In the midst of this experience, Balthasar began to realize the implications of this divine encounter for his life: “When I once thought: so, God has given me complete certainty and has provided for me an exactly outlined mission, it struck me that he was free to turn it all on its head—in fact in a moment and in spite of the views and habits of the tool that I was.”18

The importance of this divine call on Balthasar’s life cannot be overstated, for “the key to ‘understanding’ his person as well as his work is this obedient Yes to the call to follow Christ.. .. Whatever von Balthasar has done since then can be grasped only as an activity within this original Yes to the call God made to him,” as Werner Löser notes.19 We see some of the implications of this experience when we compare the theses of the first of his major writings, The Apocalypse of the German Soul based in large part on his dissertation, and the aforementioned trilogy.

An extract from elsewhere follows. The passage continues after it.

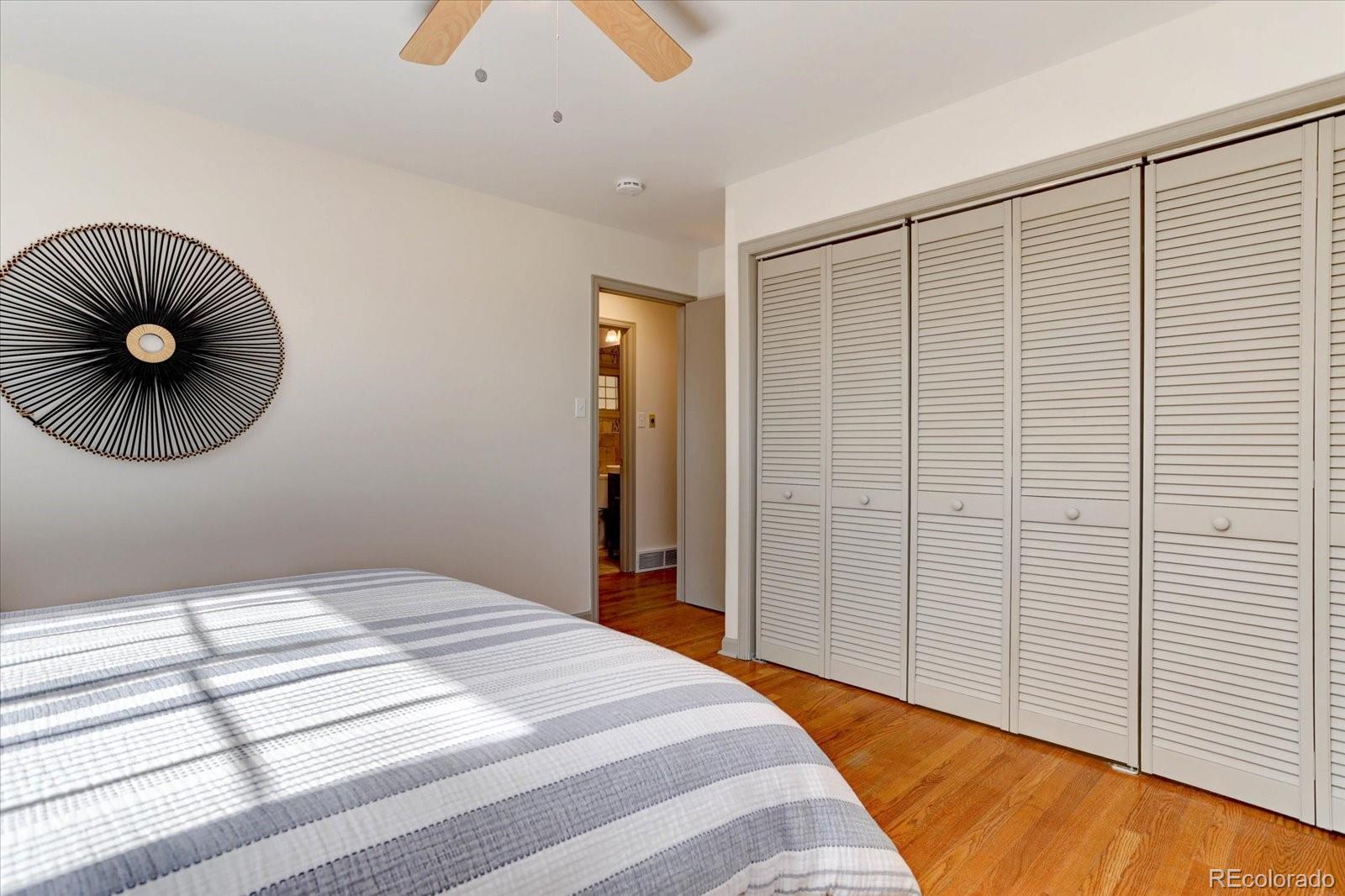 7141 Raritan Street Denver, CO 80221 - Photo 11 of 29 a bedroom with a bed and a chandelier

His first major work based on his dissertation sought to trace German thought, beginning with the German Idealism of the late eighteenth and nineteenth centuries, examining German poets from Johann Wolfgang von Goethe to Rainer Maria Rilke, and culminating with the likes of Friedrich Nietzsche and other German thinkers of the twentieth century. He surmised that the German soul is anthropocentric; that is, it seeks to construct one’s understanding of self and the world solely from the vantage point of human subjectivity. Humanity is the measure of all things.20 In contrast, he based his trilogy on the premise that human beings find meaning only when they transcend themselves in order to participate in God’s divine reality, namely, the drama of redemption. Key to understanding this contrast and much of Balthasar’s life and work is his divine calling. To be sure, though, other important figures aid him in fleshing out his thoughts.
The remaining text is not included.